Возможно ли в эти несколько минут окинуть взглядом вековые попытки рассудка постичь западную традицию мировидения (впрочем, равно как и восточную), изначально вовлеченную в эту искусительно таинственную, мерцающую, как покрывало Майи, игру метаморфозиса? И все же в ней всегда угадывались черты некой надежды. Начиная с Гераклита, до сих пор исподволь подрывающего подкупающе-стройные и достаточно жестко детерминированные системы представления мира, сменявшие поочередно друг друга на протяжении веков, проблемы сопряжения и понимания одного через другое неодолимо влекли воображение человека. Тема вечного возвращения, и поныне вращающая молитвенные мельницы Тибета, равно как и риторику Бодрияра, устрашенного утратой гарантии существования означающего в сонме вероятностных миров, эта тема, разворачивающая ризому хаосмоса у Делеза и Гваттари, заключенная некогда в прозрачную скорлупу хроматического гимна об Океаносе, Хроносе, опоясывающем "мирнеизменность-тут" и отделяющего от "не-мира-там" или же в сентенциях Экклезиаста предлагала порой иное неотступное, онирическое предположение: изменения по сути заключены в фрейм постоянного, иными словами лишь только в непреложном и присваиваемом "постоянном" (мысль предлагала различные его модусы - Форма, Логос, Апокатастазис, Настоящее, etc.), как в некоем заведомо данном условии, сознанию возможно схватить то, что именуется изменением. И что могло бы быть сформулированно следующим образом - постоянное есть оператор изменения.
Здесь я решаюсь привести высказывание Ле Цзы по той простой причине что, судя по его словам, сказанным задолго до наших дней, мир просматривался совершенно иным образом, нежели в действительно великой традиции, погрузившейся со временем в наше бессознательное грамматикой восприятия.

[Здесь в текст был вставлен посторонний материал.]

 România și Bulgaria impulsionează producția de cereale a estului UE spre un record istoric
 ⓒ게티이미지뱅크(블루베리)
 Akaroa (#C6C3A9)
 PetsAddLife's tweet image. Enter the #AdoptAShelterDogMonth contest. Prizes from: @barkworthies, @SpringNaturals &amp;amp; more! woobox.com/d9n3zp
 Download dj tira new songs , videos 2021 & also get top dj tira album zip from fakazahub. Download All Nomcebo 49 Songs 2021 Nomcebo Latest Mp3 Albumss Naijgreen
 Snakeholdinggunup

"Есть те, кто наблюдает мир в его изменении, но есть и
другие, которые наблюдают изменения в самом изменении."
Легко представить, что в момент произнесения этого суждения или его написания была предрешена участь мира, который мы доживаем в недоумении, и доживание которого буквально вызвало в свое время глубокую тревогу Гуссерля, по сути дела повторившего несколько в иной форме финал "Кратила" в своей неразрешимой тяжбе текучести сознания и трансцендентности/постоянстве оснований Бытия.

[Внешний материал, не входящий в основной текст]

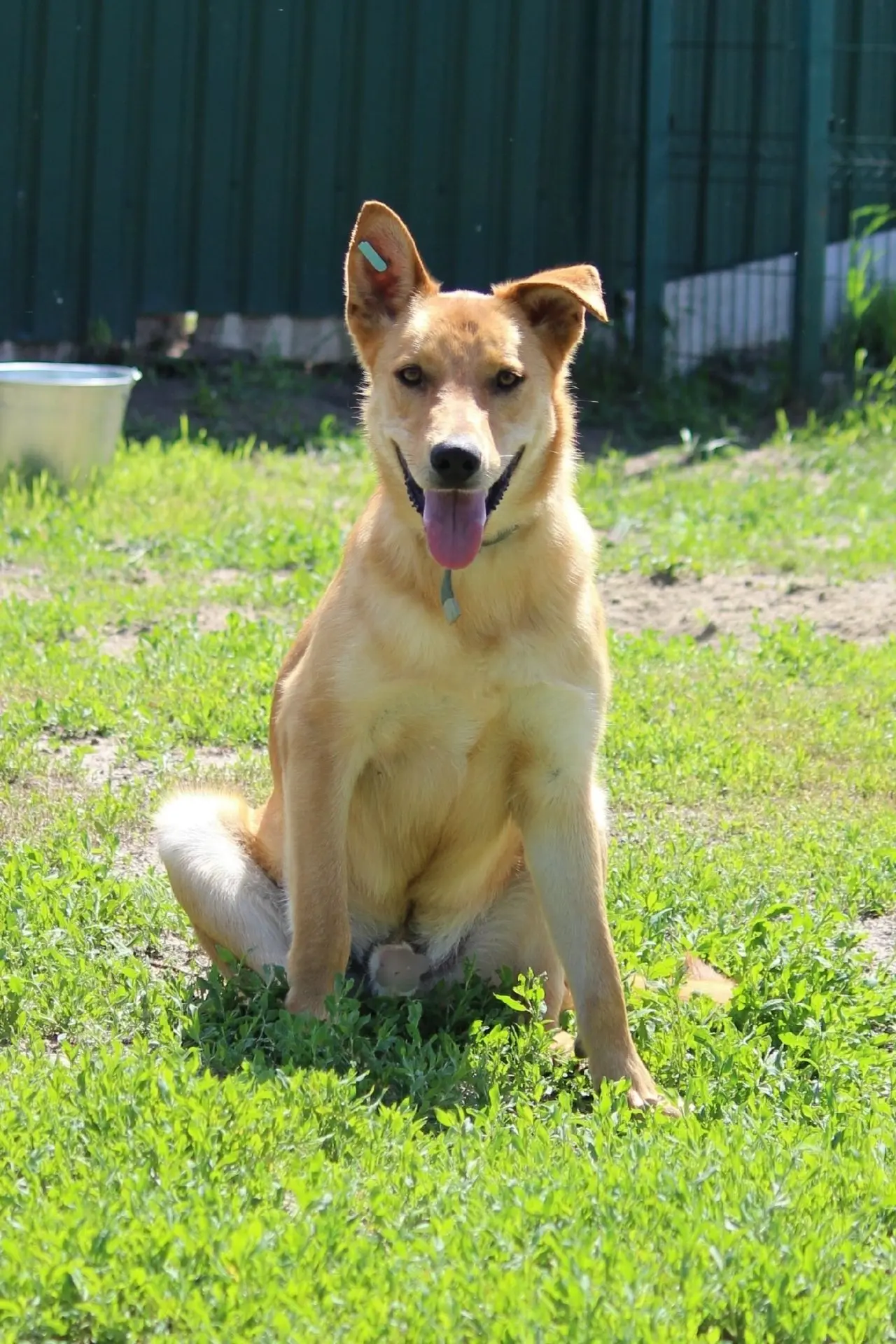 Всем привет, хвостатые 🐕 и бесхвостые 🧒!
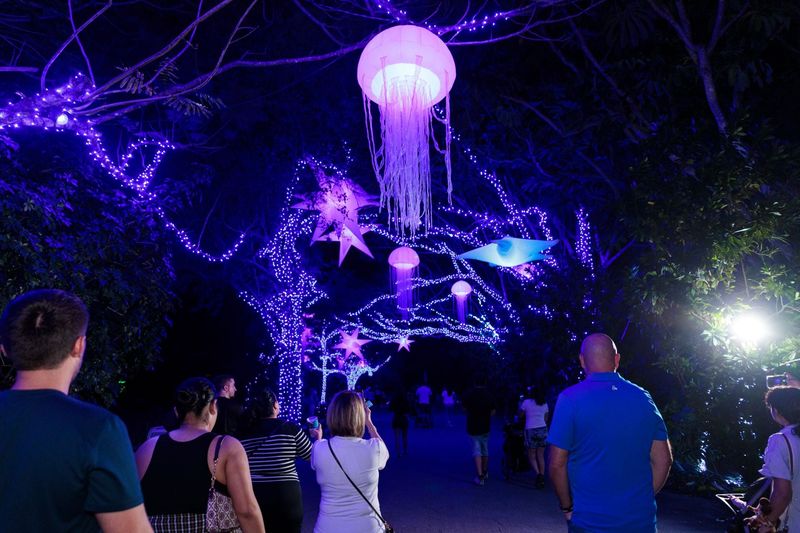 Zoo Lights Miami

Однако сколько бы мы ни говорили о дихотомии (а именно о ней идет в данный момент речь), зиждущей описание (все менее репрезентирующее окружающее) и конституирующей собственно язык в его игре различения и сходства (что едва ли не является синонимами изменения и постоянства), все яснее открывается то, как некая эрозия расточает границы этой оппозиции, бывшие еще более полувека назад вполне четкими и определяющими очертания реальности в процессе производства конфигураций ее смыслов.

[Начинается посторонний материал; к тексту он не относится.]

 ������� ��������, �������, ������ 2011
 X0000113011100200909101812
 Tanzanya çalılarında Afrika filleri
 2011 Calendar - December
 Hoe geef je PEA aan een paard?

Вместе с тем почти размытая и растворенная в этосе нового сознания, эта казалось бы музейная проблема как и раньше - пускай под иным углом "зрения" - порождает весьма хрупкий вопрос, остающийся невыносимым для европейского сознания: вопрос о соотнесенности и разрешении проблемы конечности моего существования в теле Бытия, так и не обретшего своего дома, невзирая на заверения Хайдеггера. Именно это усилие ставит перед пониманием постоянства как Смерти-Конечности, не схватываемой "Я", протекающей бесследно, - так как смерть не может рассматриваться в термах прошедшего, бывшего, но только, как будущее: она (конечность) лишь только будет для меня, но никогда не станет для меня "есть" или уже "была" и, следовательно, будучи метафизической фигурой неизменного приближения к постоянству - она есть, не оставляющее следов, абсолютное не присваиваемое изменение.
Возникновение и исчезновение рассеиваются друг в друге, стремясь друг к другу, переходя друг в друга. С раннего детства меня завораживала одна вещь, факт, который много спустя стал медленно проявлять себя в словах: если одно превращается в другое - возможно ли вообразить некий пунктум времени, "место" пространства, точку моей способности понимать - где одно уже прекратило быть тем, что оно есть, но еще не стало тем, чем должно стать в ходе этого процесса?
Возможно на этот вопрос нет ответа и, паче того, сам вопрос не может быть ментально актуализирован в каком-то конкретном образе. Возможно также, что благодаря отсутствию ответа, вы-"зов", доносящийся мне из мира, звучит отчетливей и явственней - абсолютно призрачный, не имеющий никакого источника, в области которого можно было бы обрести, летящее по обыкновению вспять, эхо.